When the snow broke loose, a group of expert skiers who watched in horror as a large avalanche swept their friends down a steep slope in Washington State immediately turned on their emergency beacons and began searching for signs of life.
Powder magazine senior editor John Stifter, who witnessed the slide that killed three of his skiing companions Sunday, said one person survived by bear-hugging a tree and holding on as the snow barreled over him. Another skier who was caught in the slide was saved when she deployed an air bag designed to keep her afloat.
"It's an absolute horror story," Stifter said Monday.
Experts say once an avalanche has you in its grips, the chances of surviving are slim.

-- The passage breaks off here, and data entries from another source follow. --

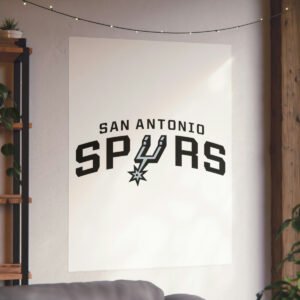 NBA Team Logos San Antonio Spurs Painting Bedroom Living Room Wall Art Décor Matte Vertical Posters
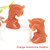 20pcs Animal Healing Stones Crystal Carved  Home Decor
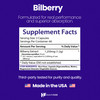 Healthfare Bilberry Supplement for Eyes - 5000mg Extract
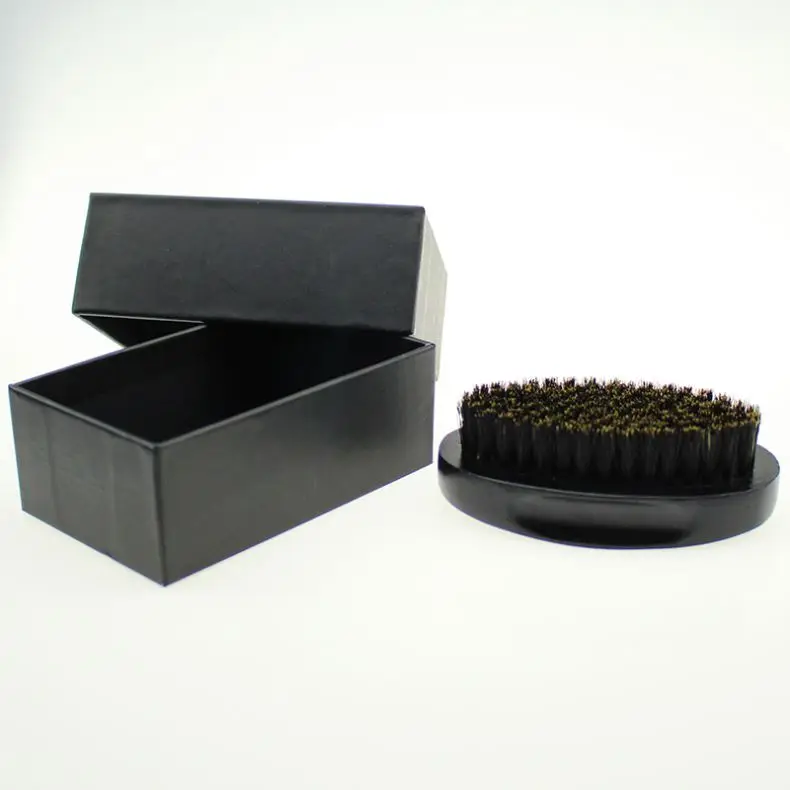 100% boar bristle Hot Sell Beard Boar Bristle Brush And Comb Set Kit For Men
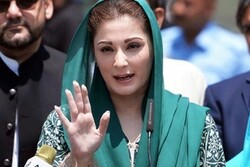 مریم نواز نے پاکستانی حکومت کو چند دنوں کی مہمان قراردیدیا
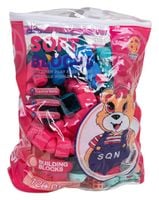 Zestaw Miękkich Klocków 120El.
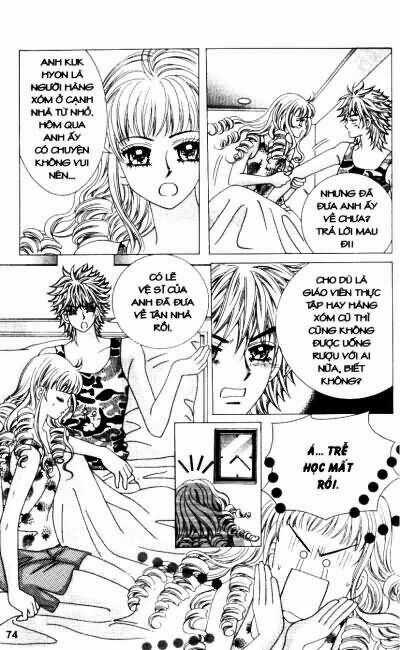 Cấm Hôn - Chapter 36 - Trang 15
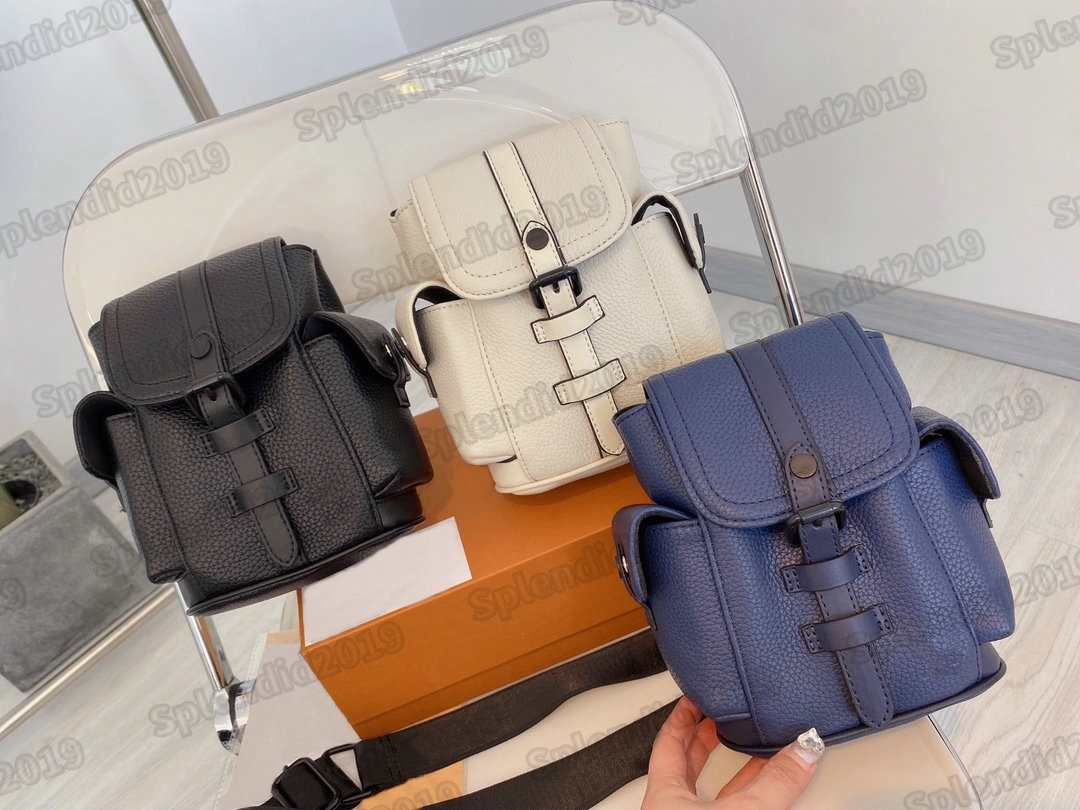 

M58493 CHRISTOPHER XS Waist Bags Men Women Mini Nano Chest Bags Designer Luxury Backpack Black White Blue Crossbody Shoulder Bag Purse handbag wallet M58495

"The snow doesn't really care how experienced you are. It's not keeping track of experience level," said Mark Moore, an avalanche meteorologist and director of the Northwest Weather and Avalanche Center, which warned of extreme avalanche danger Tuesday.
Stifter identified the victims as Jim Jack, a well-known head judge for the Freeskiing World Tour; Stevens Pass marketing director Chris Rudolph; and Johnny Brenan, a Leavenworth contractor.
The Freeskiing World Tour and Utah's Snowbird Ski and Summer Resort had scheduled a gathering at the resort Monday afternoon to remember Jack, whom Stifter described as generous, smart and influential in the ski industry.
The skiers were equipped with safety devices and kept track of each other as they strayed beyond the boundaries of the popular Stevens Pass Ski resort, about 90 miles northeast of Seattle. But the precautions still didn't save some from getting trapped, highlighting the risks of backcountry activity during a season of heightened avalanche dangers in the West.
Sunday's avalanche was relatively large, Moore said. The Northwest Weather and Avalanche Center rated Sunday's avalanche danger as considerable to high. Heavy snow had fallen in the Cascades on Saturday, with widespread avalanches and strong winds, all red flags, Moore said.
Statistics show that 93 percent of avalanche victims can be recovered alive if dug out within 15 minutes, but survival rates drop quickly as time passes, according to the Utah Avalanche Center. After 45 minutes, only 20 to 30 percent of victims are alive. After two hours, few survive.
People die because exhaled carbon dioxide builds up in the snow around their mouth, leading to death from carbon dioxide poisoning.
Stifter said he read the avalanche report that morning and knew avalanche dangers were considerable. He and others talked about it and determined they could ski it safely, he said.
Three of the 15 in the initial group peeled off and went a different way. Twelve others headed down, pairing up and skiing one by one, leapfrogging each other.
Each carried avalanche beacons, a standard rescue device that allows rescuers to locate the signal of a buried victim.
After the avalanche, Stifter and others picked up on the first signal and began digging furiously. They found Rudolph facedown. Stifter performed CPR for about 30 minutes to no avail.
Another group worked on digging out Brenan and Jack.
Professional skier Elyse Saugstad told NBC's "Today" show she's convinced the airbag she deployed immediately saved her life.
"It's lifting you kind of up above the avalanche," Saugstad said Monday. "It's not like you're taking an inner tube ride down some snowy field. It feels like you're in a washing machine."
Only Saugstad had an air bag, Stifter said. Airbags range from about $600 to $1,000. They have been widely used in Europe with reports of high survival rates, but they have only recently become popular in the United States.